When using a radar sensor, frequency modulated continuous wave (FMCW) and continuous wave (CW) radar are used [
10,
11,
12]. The reason for using the FMCW radar and the CW radar is to measure the micro-Doppler signatures of hand gestures [
13,
14,
15]. The measured micro-Doppler signal can generate spectrogram via short term Fourier transform (STFT). The spectrogram expresses the frequency component of a hand gesture with time in the image. Therefore, the spectrogram can be used to use powerful machine learning for image recognition, such as the convolutional neural network (CNN). Previous research has only focused on hand gesture recognition and not on detecting a valid frame [
16,
17,
18]. A valid frame is a frame that contains whole information of hand gestures, while an invalid frame contains partial information of hand gestures or does not have any information. Hand gestures can be correctly recognized only after detecting a valid frame. It is very important to detect a valid frame in order to process the real-time hand gesture system. We undertook this study about a valid frame detection to construct the real-time hand gesture system.

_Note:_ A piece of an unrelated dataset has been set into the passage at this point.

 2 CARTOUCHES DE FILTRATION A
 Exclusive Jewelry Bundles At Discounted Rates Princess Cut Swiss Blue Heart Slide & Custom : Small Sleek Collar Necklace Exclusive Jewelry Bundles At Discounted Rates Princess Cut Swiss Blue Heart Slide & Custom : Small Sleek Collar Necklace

Signal detection has been studied in many fields, such as communications, voice activity detection (VAD) and constant false alarm rate (CFAR). However, it is impossible to use the above detection methods for a real-time hand gesture recognition system using CW radar. Communication detection methods are not suitable for the system using CW radar, because they require signals, such as pilots or preambles. Also, the CW radar detection method is not appropriate for using a VAD method because of the difference of the voice and the CW radar signal. The VAD method requires a sustained time but the CW radar signal appears in the form of an impulse signal in a shorter time than the voice signal.
Real-time hand gesture recognition using FMCW radar employs an exponentially weighted moving average (EWMA), which is one of the CFAR algorithms used to detect valid frames [
19]. EWMA defines detection as the change in average energy increases. Also, EWMA is not suitable for detecting sensitive energy changes. FMCW radar calculates signals by beat frequency, so it does not reflect energy fluctuations significantly. Thus, the hand gesture recognition system using FMCW radar can get a high accuracy when EWMA is applied as a detection method. On the other hand, CW radar calculates hand gestures with energy change, so it is sensitive to energy fluctuations. Therefore, a hand gesture recognition system that uses CW radar cannot use EWMA. Since the detection method described above cannot be used, the detection method of an electrocardiogram (ECG) was selected as a conventional method. A CW radar signal is similar to an R-wave on an ECG. Both signals appear in the form of an impulse signal in a short time. R-wave detection in ECG uses a shifting window difference threshold (SWDT) [
20]. Hence, SWDT was selected as a conventional method. In this paper, methods were provided to detect frames that can be used in real-time hand gesture recognition using CW radar. Also, the performances of the proposed and conventional method were compared.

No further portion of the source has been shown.